Technically, we should try to predict rushing yards, punt return td, etc as well.. but these are good for a start.

Lets make some plots to see which features correlate with receving yards.  Here's a list of features that seem relevant:

* player average: receiving_yds
* player average: receiving_rec
* player average: receiving_tds
* player average: receiving_twoptm
* player average: receiving_tar
* player average: receiving_twopta
* player average: receiving_yac_yds
* team average: passing_yds
* team average: passing_tds
* team average: passing_twoptm
* team average: passing_int
* team average: passing_att
* team average: passing_cmp
* team average: passing_incmp
* team average: passing_cmp_air_yds
* team average: rushing_yds (maybe they pass less if they rush)
* team average: rushing_att
* opponent average: defense_sk
* opponent average: defense_int
* opponent average: defense_pass_def
* opponent average: defense_rushing_yds_allowed
* opponent average: defense_passing_yds_allowed
* opponent average: defense_rushing_tds_allowed
* opponent average: defense_passing_tds_allowed
* opponent average: defense_points_allowed
* Comparison: Team W/L to Opp W/L


This is a long list.. but it's worth looking at all of the correlations here.

In [None]:
def CalcCorr(x_stat_type,y_stat):
    #x_stat is a stat in stat_order, such as "receiving_yds"
    #x_stat_type is "Player" or "Team" or "Opp"
    for x_stat in stat_order:
        x_dfColumn = '%s Avg Stats' % x_stat_type

        all_x_stats =  WRsamples[x_dfColumn] 
        all_y_stats =  WRsamples['Stat Outcome'] 

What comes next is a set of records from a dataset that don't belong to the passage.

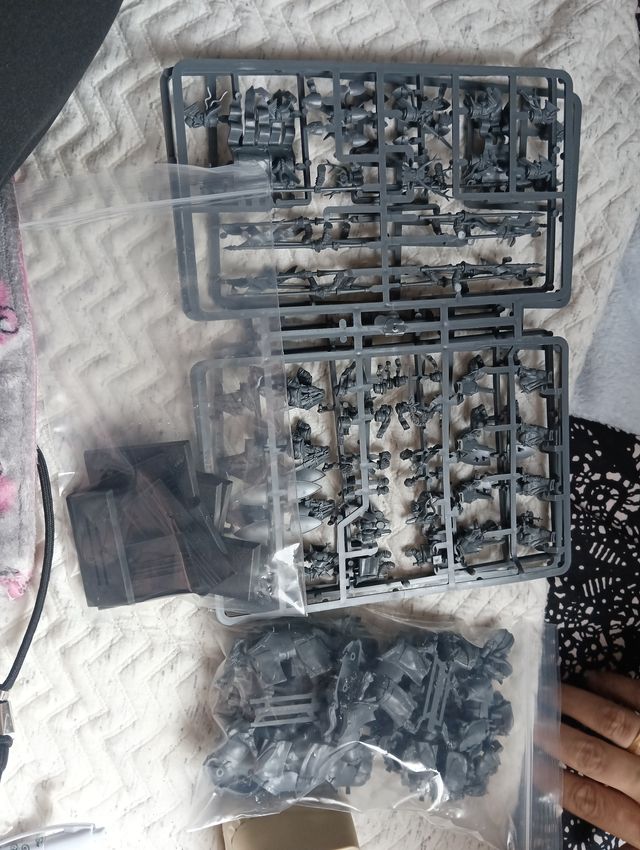 12 Caballeros Knights of the Realm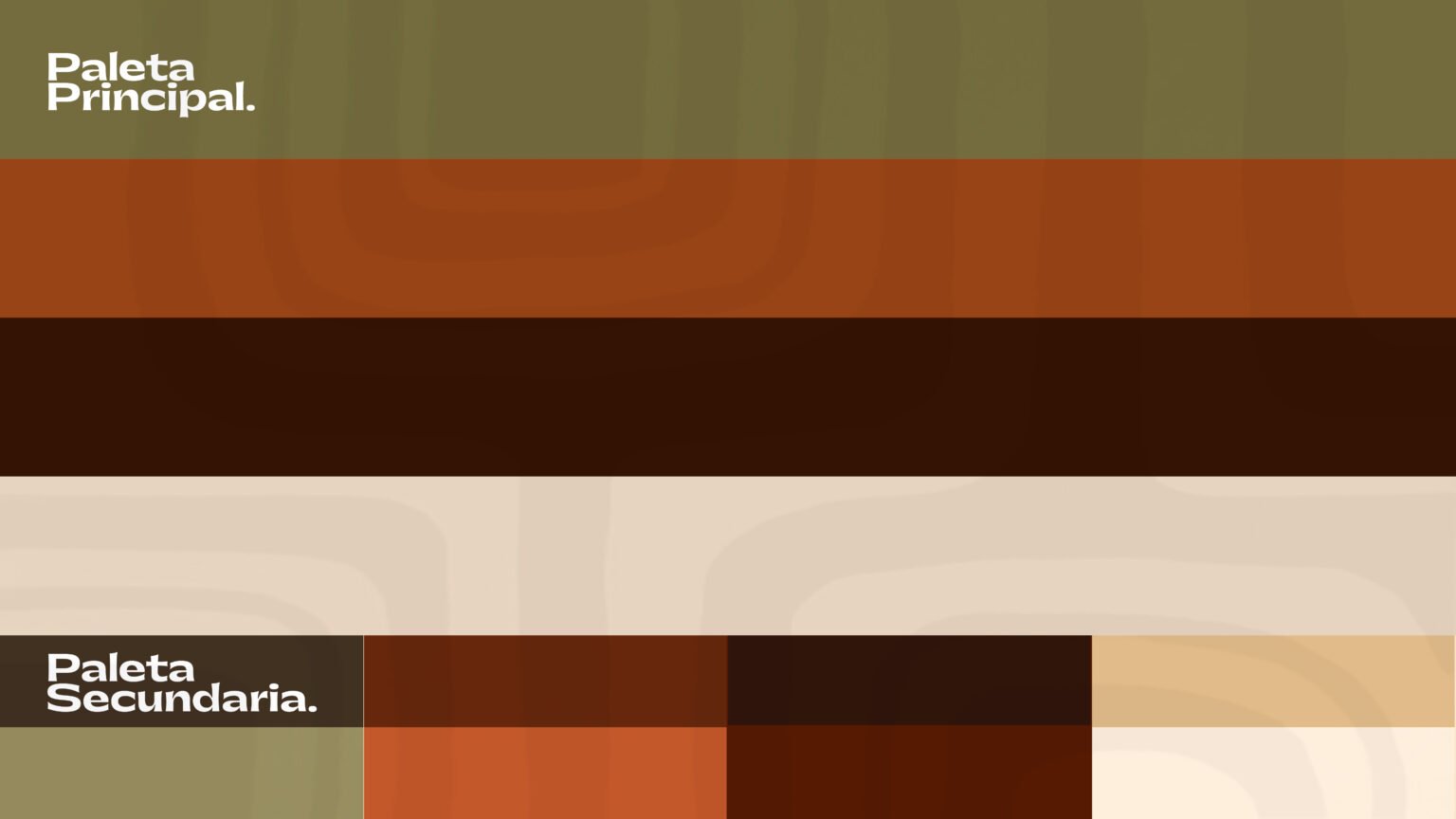 paleta de coresjpeg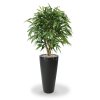 109412 longifolia xl deluxe 120 tondo alto 70 antraciet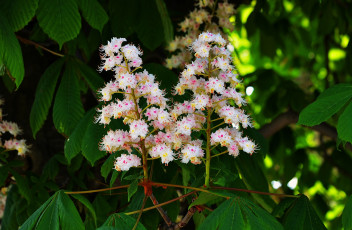 Картинка цветы каштаны дерево каштан весна цветение макро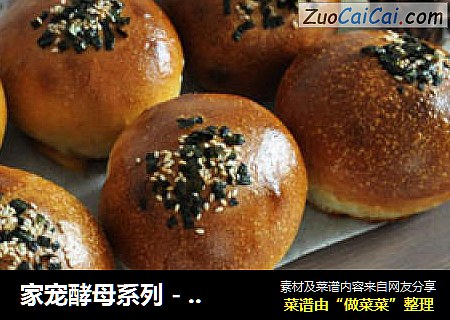 家宠酵母系列 - 金枪鱼紫菜面包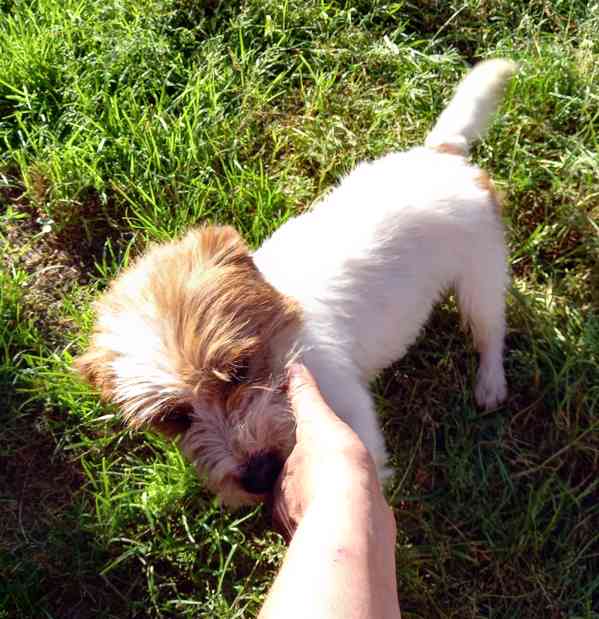 3letý pejsek Jack Russell teriéra s PP - foto 7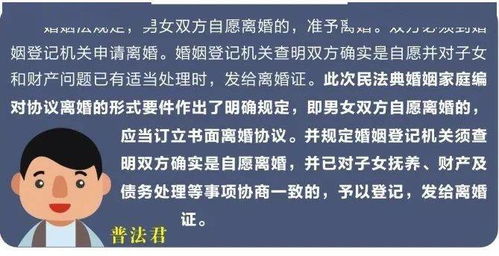 民法典婚姻家庭编亮点解读，构建和谐家庭的法律基石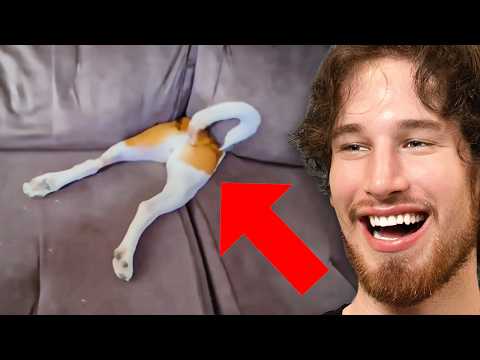 **DON'T** Get This Dog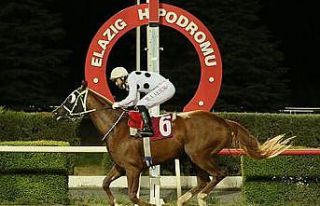 Elazığ’a 50 yarış günü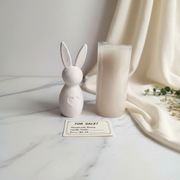 FORMA SILIKONOWA  do odlewów gipsowych, żywicznych, 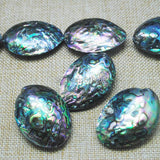 Abalone Shell Egg DIY Beads 35-45mm for Beach Tourism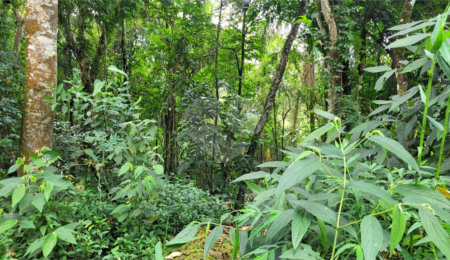 Terreno à venda no condomínio Cantareira, Mairiporã - SP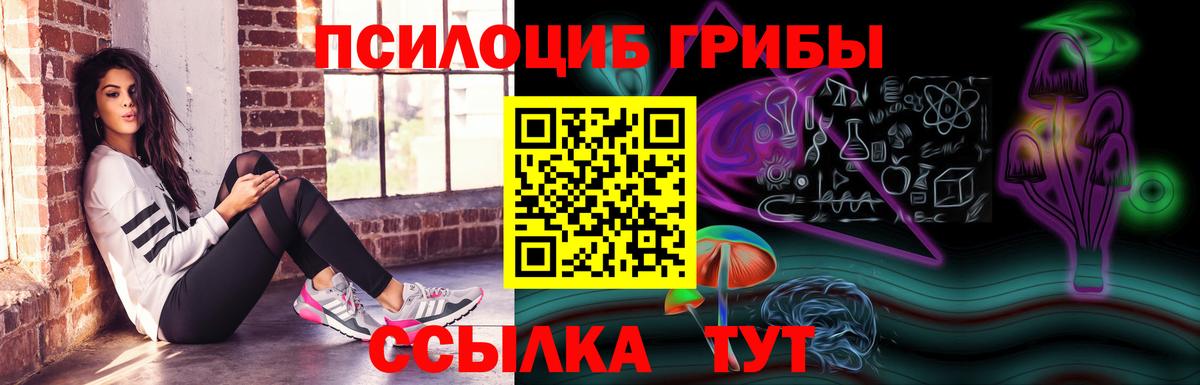 Дзержинский  Галлюциногенные грибы MAGIC MUSHROOMS  Галлюциногенные грибы MAGIC MUSHROOMS  Вход с VPN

        x_stats = all_x_stats.apply(lambda x: x[stat_order.index(x_stat)])
        y_stats = all_y_stats.apply(lambda x: x[stat_order.index(y_stat)])

        if abs(pearsonr(x_stats, y_stats)[0]) > 0.1:
            print x_stat_type, x_stat, "Correlation:", pearsonr(x_stats, y_stats)[0]


In [None]:
CalcCorr('Player','receiving_yds')
CalcCorr('Team','receiving_yds')    
CalcCorr('Opp','receiving_yds')

It's pretty surprising that's there is no correlation between the opponent's passing yards allowed and the outcome of the player's receiving yards... Let's plot that to look into it a little further

In [None]:
import numpy as np
from scipy.stats import gaussian_kde

def PlotCorr(x_stat,x_stat_type,y_stat):
    #x_stat is a stat in stat_order, such as "receiving_yds"
    #x_stat_type is "Player" or "Team" or "Opp"
    x_dfColumn = '%s Avg Stats' % x_stat_type
    
    all_x_stats =  WRsamples[x_dfColumn] 
    all_y_stats =  WRsamples['Stat Outcome'] 

    x_stats = all_x_stats.apply(lambda x: x[stat_order.index(x_stat)])
    y_stats = all_y_stats.apply(lambda x: x[stat_order.index(y_stat)])

    xy = np.vstack([x_stats,y_stats])
    z = gaussian_kde(xy)(xy)
    idx = z.argsort()
    x, y, z = x_stats[idx], y_stats[idx], z[idx]

    fig, ax = plt.subplots()
    ax.scatter(x, y, c=z, s=50, edgecolor='')
    plt.show()

In [None]:
PlotCorr('defense_passing_yds_allowed','Opp','receiving_yds')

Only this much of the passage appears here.